PROVIDED RECORDS>
+---+

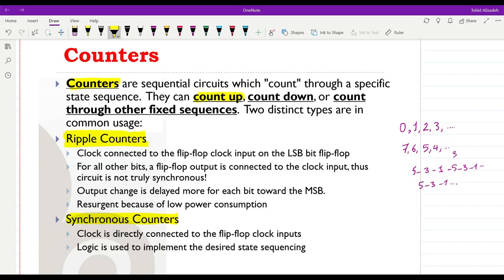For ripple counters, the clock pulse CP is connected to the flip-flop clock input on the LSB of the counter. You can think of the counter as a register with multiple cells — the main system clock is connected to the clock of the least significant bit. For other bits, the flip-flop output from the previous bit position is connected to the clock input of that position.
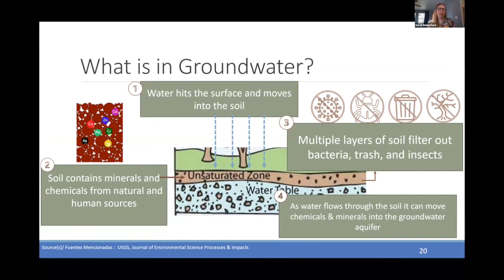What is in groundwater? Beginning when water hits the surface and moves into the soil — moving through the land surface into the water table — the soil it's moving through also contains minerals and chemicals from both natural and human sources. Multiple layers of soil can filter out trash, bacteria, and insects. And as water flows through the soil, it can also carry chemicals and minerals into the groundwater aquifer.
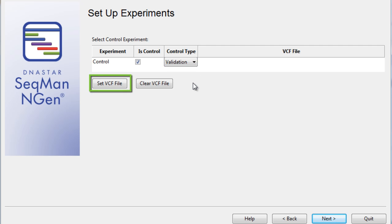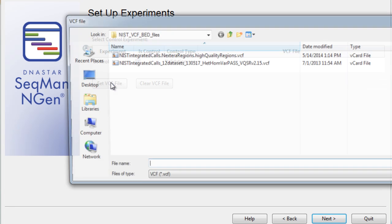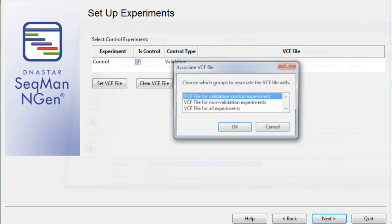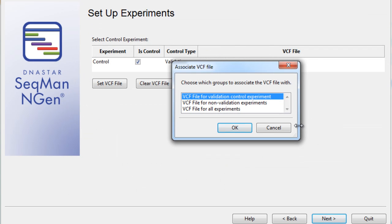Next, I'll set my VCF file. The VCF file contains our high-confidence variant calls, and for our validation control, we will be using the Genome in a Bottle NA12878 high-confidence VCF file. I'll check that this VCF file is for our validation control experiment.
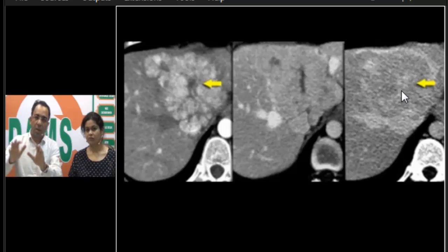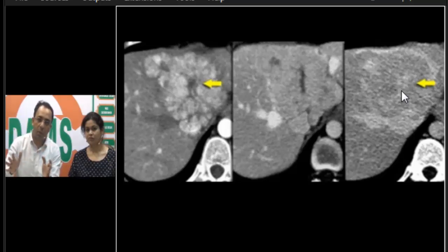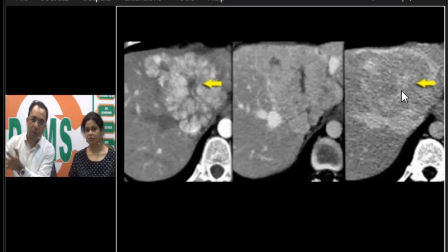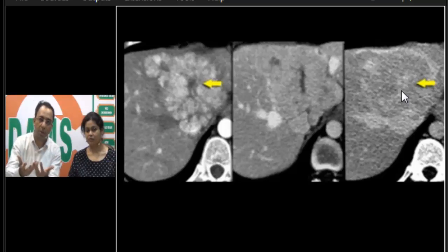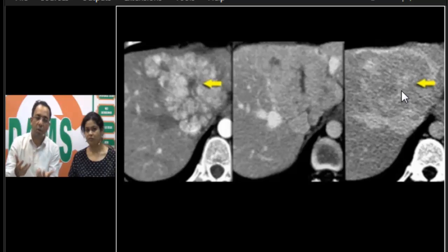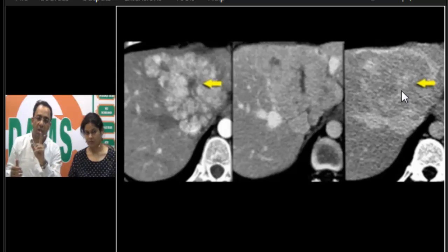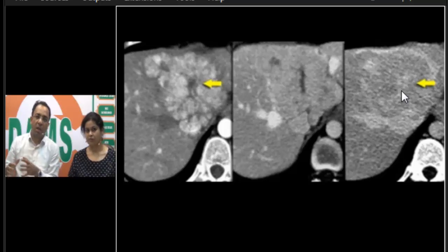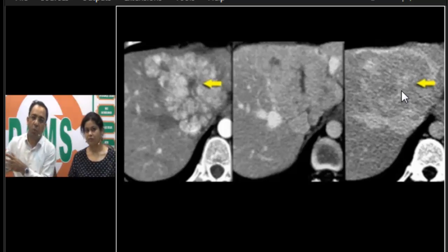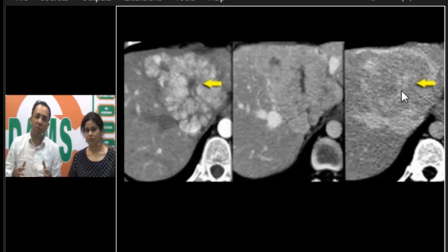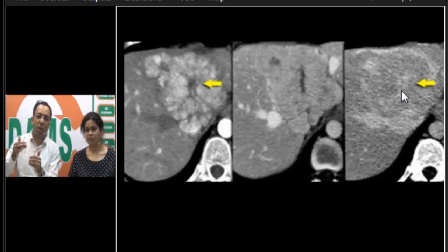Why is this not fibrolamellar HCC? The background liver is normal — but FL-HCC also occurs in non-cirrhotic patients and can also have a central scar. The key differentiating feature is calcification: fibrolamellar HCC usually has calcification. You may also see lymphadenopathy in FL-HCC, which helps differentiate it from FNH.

+---+

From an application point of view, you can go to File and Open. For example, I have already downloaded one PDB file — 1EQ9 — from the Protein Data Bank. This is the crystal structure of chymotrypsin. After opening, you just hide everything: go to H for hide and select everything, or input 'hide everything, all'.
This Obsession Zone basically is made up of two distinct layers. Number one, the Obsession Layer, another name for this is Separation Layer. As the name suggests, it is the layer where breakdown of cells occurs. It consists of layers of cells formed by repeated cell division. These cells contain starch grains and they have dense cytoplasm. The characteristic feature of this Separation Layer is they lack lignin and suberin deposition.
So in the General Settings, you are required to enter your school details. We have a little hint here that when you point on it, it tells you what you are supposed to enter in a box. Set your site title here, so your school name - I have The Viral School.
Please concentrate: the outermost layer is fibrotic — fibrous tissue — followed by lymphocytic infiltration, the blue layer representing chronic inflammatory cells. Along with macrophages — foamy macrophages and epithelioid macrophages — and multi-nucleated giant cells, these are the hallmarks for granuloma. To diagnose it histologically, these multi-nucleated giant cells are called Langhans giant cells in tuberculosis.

+---+

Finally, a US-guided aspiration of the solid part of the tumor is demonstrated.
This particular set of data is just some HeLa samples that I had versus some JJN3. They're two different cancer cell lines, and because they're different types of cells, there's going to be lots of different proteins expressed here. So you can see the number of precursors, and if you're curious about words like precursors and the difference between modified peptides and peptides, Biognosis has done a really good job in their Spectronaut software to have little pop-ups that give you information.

+---+

TASK BRIEF> Above are the records; copy exactly the lines from the one with "For ripple counters, the" through the one with "Why is this", including both, and nothing more. Leave out pictures.

SOLVED PROBLEM>
For ripple counters, the clock pulse CP is connected to the flip-flop clock input on the LSB of the counter. You can think of the counter as a register with multiple cells — the main system clock is connected to the clock of the least significant bit. For other bits, the flip-flop output from the previous bit position is connected to the clock input of that position.
What is in groundwater? Beginning when water hits the surface and moves into the soil — moving through the land surface into the water table — the soil it's moving through also contains minerals and chemicals from both natural and human sources. Multiple layers of soil can filter out trash, bacteria, and insects. And as water flows through the soil, it can also carry chemicals and minerals into the groundwater aquifer.
Next, I'll set my VCF file. The VCF file contains our high-confidence variant calls, and for our validation control, we will be using the Genome in a Bottle NA12878 high-confidence VCF file. I'll check that this VCF file is for our validation control experiment.
Why is this not fibrolamellar HCC? The background liver is normal — but FL-HCC also occurs in non-cirrhotic patients and can also have a central scar. The key differentiating feature is calcification: fibrolamellar HCC usually has calcification. You may also see lymphadenopathy in FL-HCC, which helps differentiate it from FNH.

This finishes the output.